Indigenous Student Recruitment Officer
Tanisha Clarke is a member of the Norway House Cree Nation in Treaty 5 territory. She spent most of her life living in Norway House and relocated to Winnipeg in 2017 to attend school at the UM. Tanisha is a UM alumni, graduating in 2020 with a Bachelor of Arts degree in Native Studies. Having experienced the transition of moving from a reserve to the city to attend university, Tanisha is passionate about helping students make the same transition. She looks forward to working with all Indigenous students coming to UM and ensuring that Indigenous students who are relocating from their home communities are supported as they begin their journey in post-secondary.

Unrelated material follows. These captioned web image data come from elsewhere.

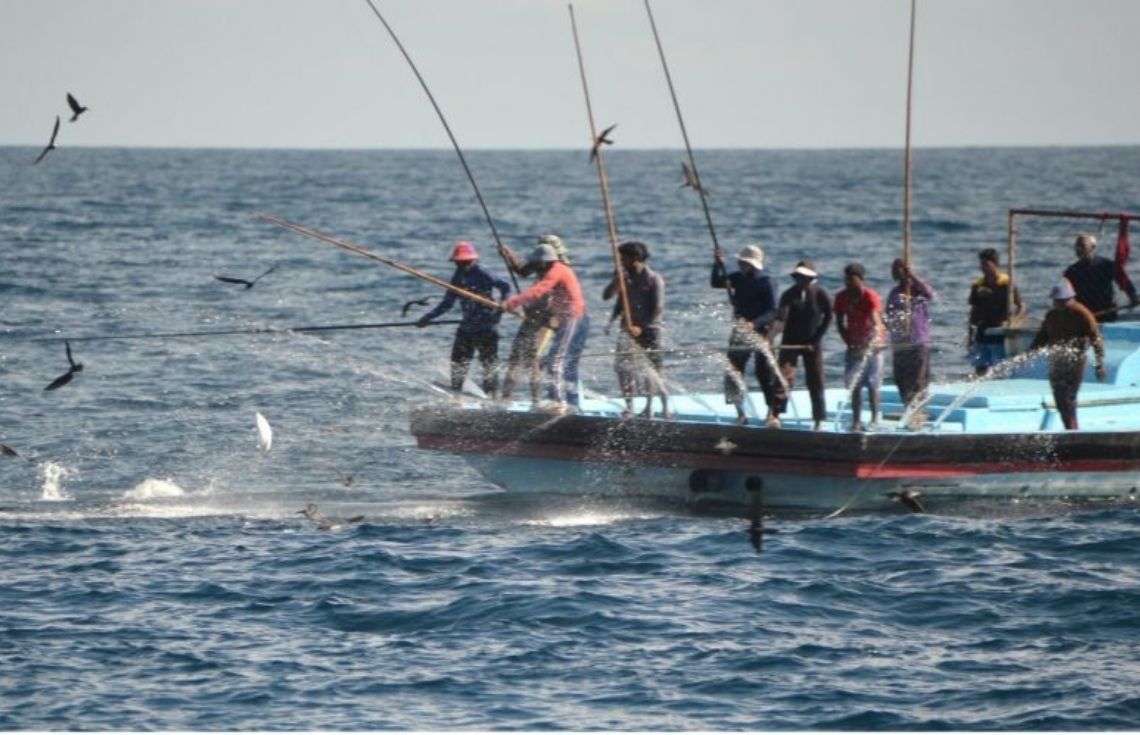 މިދިޔަ ހޯމަ ދުވަހު މަސްކިރުވި ދޯނިތަކަށް 1.9 މިލިއަން ރުފިޔާ ދޫކޮށްފި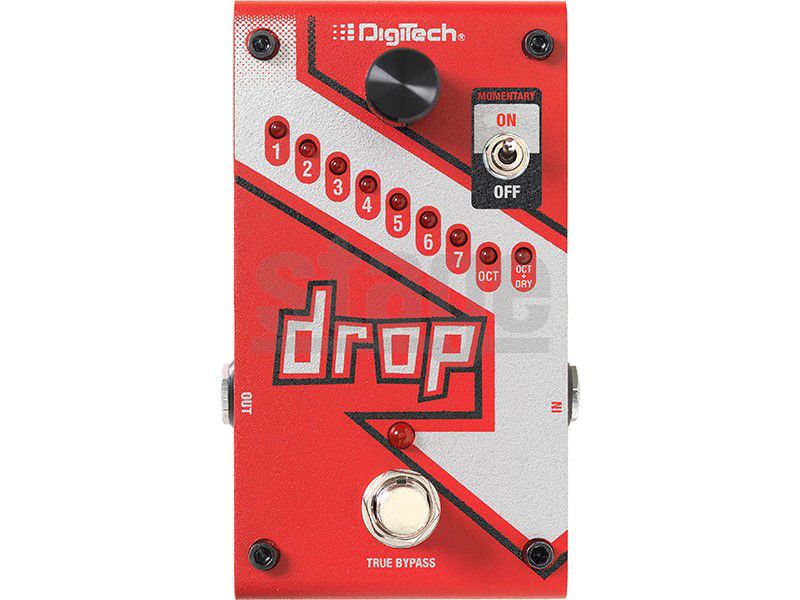 Digitech-Drop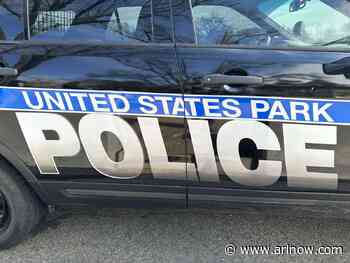 Fiery wreck on GW Parkway killed one driver, critically injured another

Indigenous Student Recruitment Officer and Program Coordinator
Contact Jesse for:
Jesse McGregor (he/him) is a member of the Misipawistik Cree Nation (Grand Rapids, Manitoba), with close ties to the Kinisao Sipi Cree Nation (Norway House, Manitoba), located in Treaty 5 territory. In 2022, Jesse graduated with a Bachelor of Health Sciences from UM. Through his experiences of living both on-reserve and in urban settings, Jesse developed a passion for helping Indigenous youth and communities. In his role as program coordinator at the UM, Jesse hopes to work with and learn from Indigenous youth – walking together as aspiring students transition from high school to post-secondary.
The Indigenous Student Centre is responsible for welcoming and supporting Indigenous students, as well as providing opportunities for students to learn about First Nations, Inuit and Métis culture.
Carla is a proud member of the Mathias Colomb Cree Nation and an alumna of the UM [BEd/01, BA/03, MEd/16]. Her master’s degree was in adult & post-secondary education with a thesis project about student retention and student development theory in relation to peer mentoring for Indigenous students and its connection to first-year student success. She has been working at the UM since 2005, first as an academic advisor with the University 1 First Year Centre and then the Indigenous Student Centre to be one of the student advising team and oversee the Qualico Bridge to Success program. Passionate about the power of peer mentoring, Carla believes that students who feel they are part of the Indigenous campus community and get involved on campus is key to having a rewarding university experience and her goal is to encourage students to do what they need to do have the university experience they want. Carla has made many connections with students, faculty and staff through programming. She is considered a formidable leader and a trusted colleague who works with integrity and humility.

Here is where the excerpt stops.